**WHAT YOU SHOULD DO**
All records below are to be transcribed exactly, with every picture left out.

**INPUT MATERIAL**
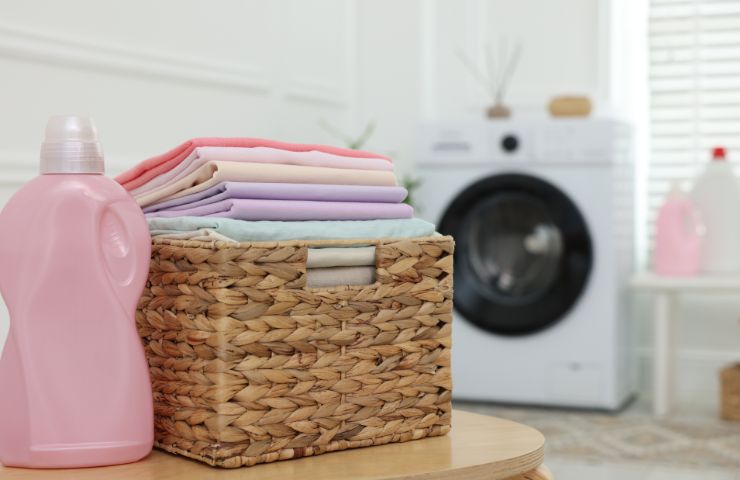 lavatrice e cesta con il bucato e detersivo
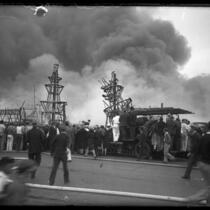 Spectators watching fire at 1929 Los Angeles Auto Show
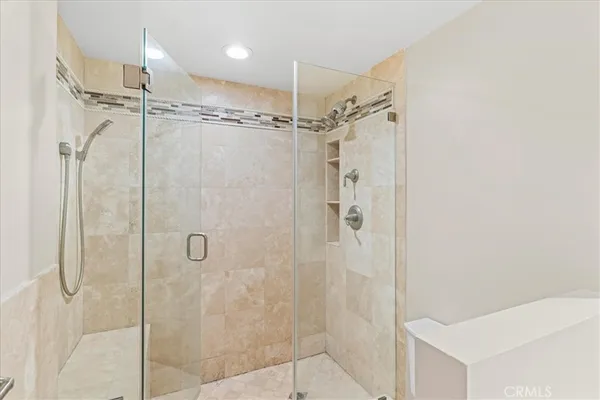 a bathroom with a sink double vanity and a tub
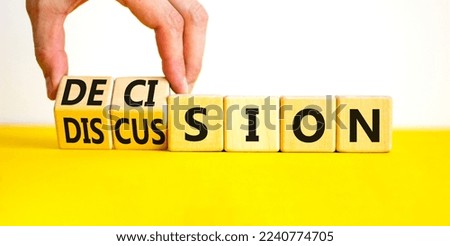 Discussion and decision symbol. Concept word Discussion and Decision on wooden cubes. Businessman hand. Beautiful yellow table white background. Business discussion and decision concept. Copy space.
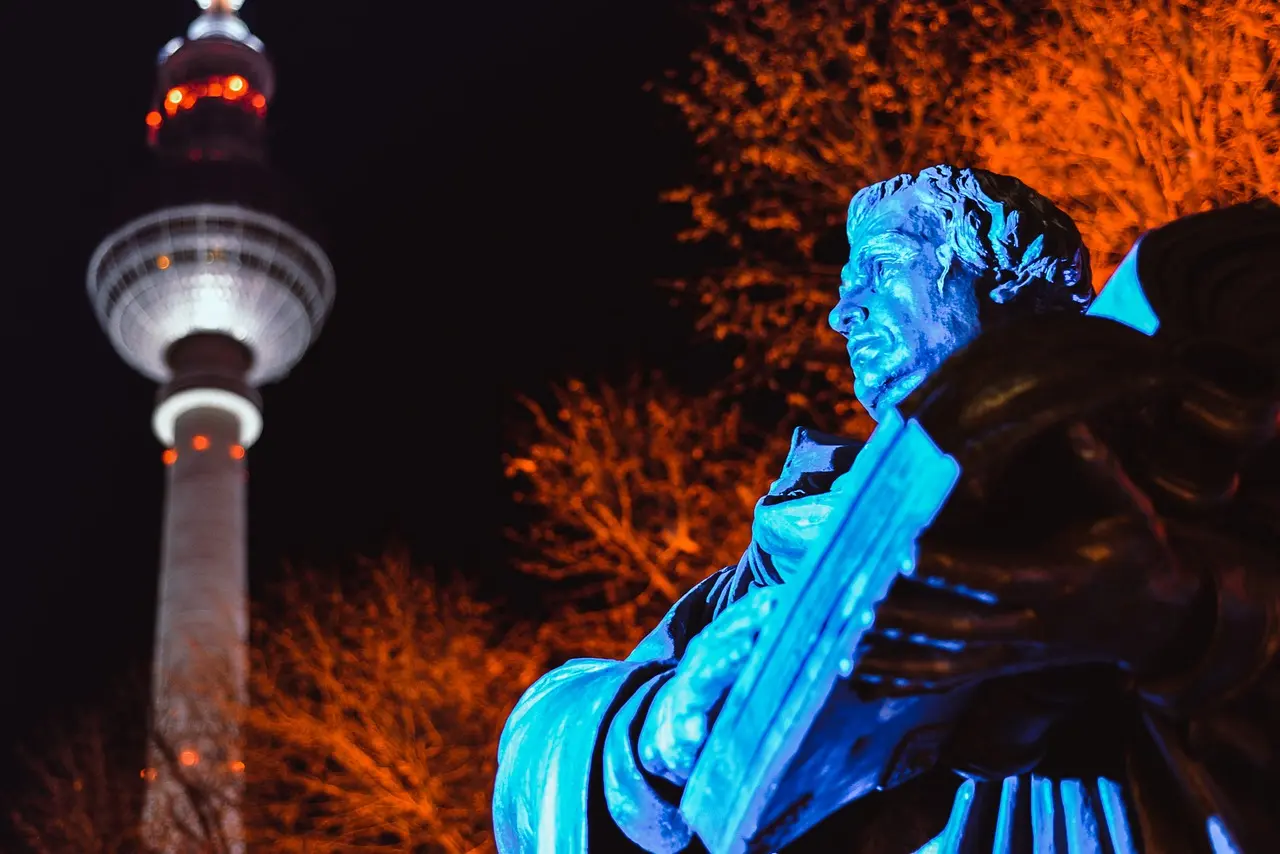 Statur von Martin Luther unter dem Berliner Fernsehturm bei Nacht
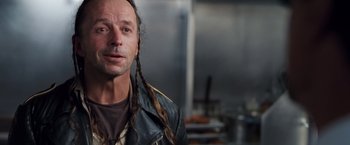 Movie still from “Get Carter” (2000), directed by Stephen Kay – A man in a leather jacket with long braids; Close Up shot, Low angle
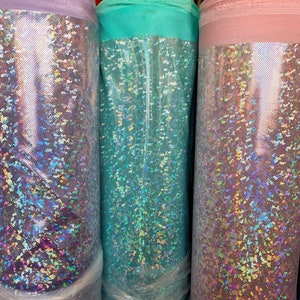 May include: Three rolls of iridescent fabric in purple, teal, and pink. The fabric has a glittery, holographic finish.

**TASK RESPONSE**
 lavatrice e cesta con il bucato e detersivo
 Spectators watching fire at 1929 Los Angeles Auto Show
 a bathroom with a sink double vanity and a tub
 Discussion and decision symbol. Concept word Discussion and Decision on wooden cubes. Businessman hand. Beautiful yellow table white background. Business discussion and decision concept. Copy space.
 Statur von Martin Luther unter dem Berliner Fernsehturm bei Nacht
 Movie still from “Get Carter” (2000), directed by Stephen Kay – A man in a leather jacket with long braids; Close Up shot, Low angle
 May include: Three rolls of iridescent fabric in purple, teal, and pink. The fabric has a glittery, holographic finish.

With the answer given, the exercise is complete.